- _What the exercise asks_
Retype only the lines below from the one with "Style Vintage Femme" to the one with "Prato Raso P/", inclusive, skipping every image.

- _Data records_
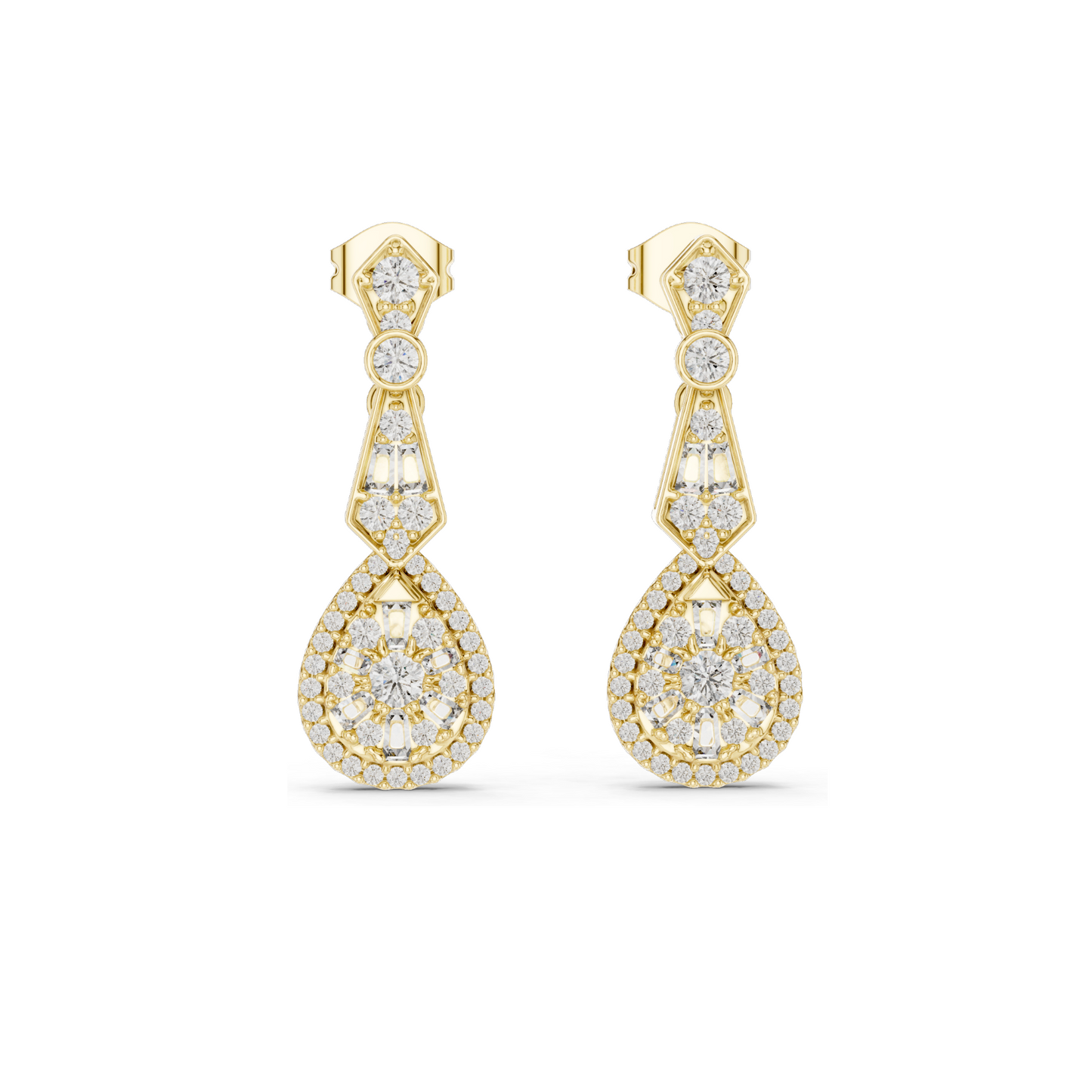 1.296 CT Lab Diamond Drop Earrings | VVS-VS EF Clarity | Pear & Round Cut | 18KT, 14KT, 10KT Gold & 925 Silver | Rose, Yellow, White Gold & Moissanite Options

==

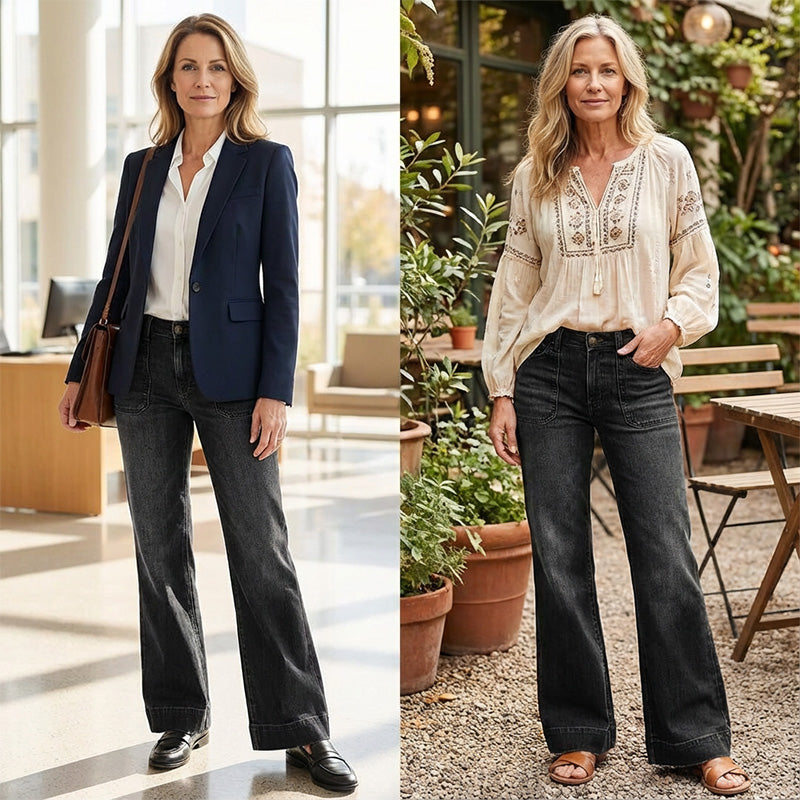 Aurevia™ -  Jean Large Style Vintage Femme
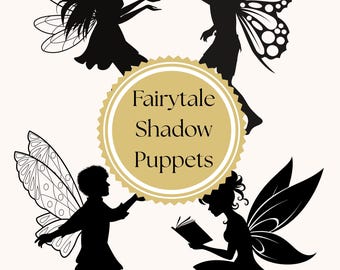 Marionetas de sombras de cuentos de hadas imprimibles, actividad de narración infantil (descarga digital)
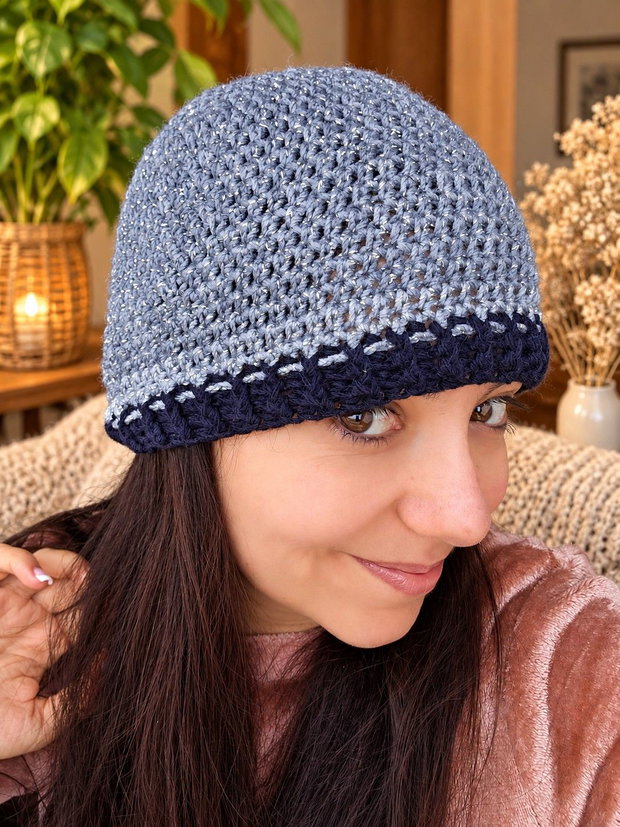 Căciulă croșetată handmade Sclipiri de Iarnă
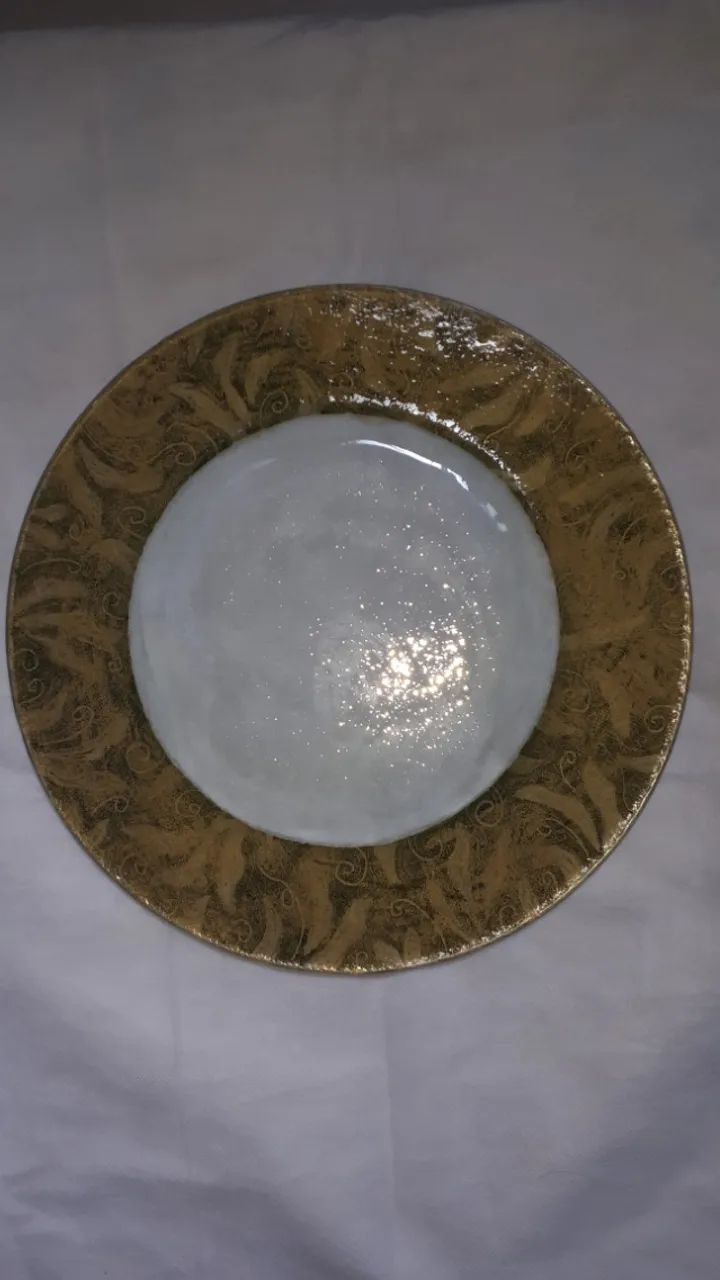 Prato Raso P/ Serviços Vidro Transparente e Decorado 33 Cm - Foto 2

---

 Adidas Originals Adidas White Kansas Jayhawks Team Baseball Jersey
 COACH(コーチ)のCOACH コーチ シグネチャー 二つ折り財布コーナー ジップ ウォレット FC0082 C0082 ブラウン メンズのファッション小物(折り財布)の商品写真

- _Response to the exercise_
 Aurevia™ -  Jean Large Style Vintage Femme
 Marionetas de sombras de cuentos de hadas imprimibles, actividad de narración infantil (descarga digital)
 Căciulă croșetată handmade Sclipiri de Iarnă
 Prato Raso P/ Serviços Vidro Transparente e Decorado 33 Cm - Foto 2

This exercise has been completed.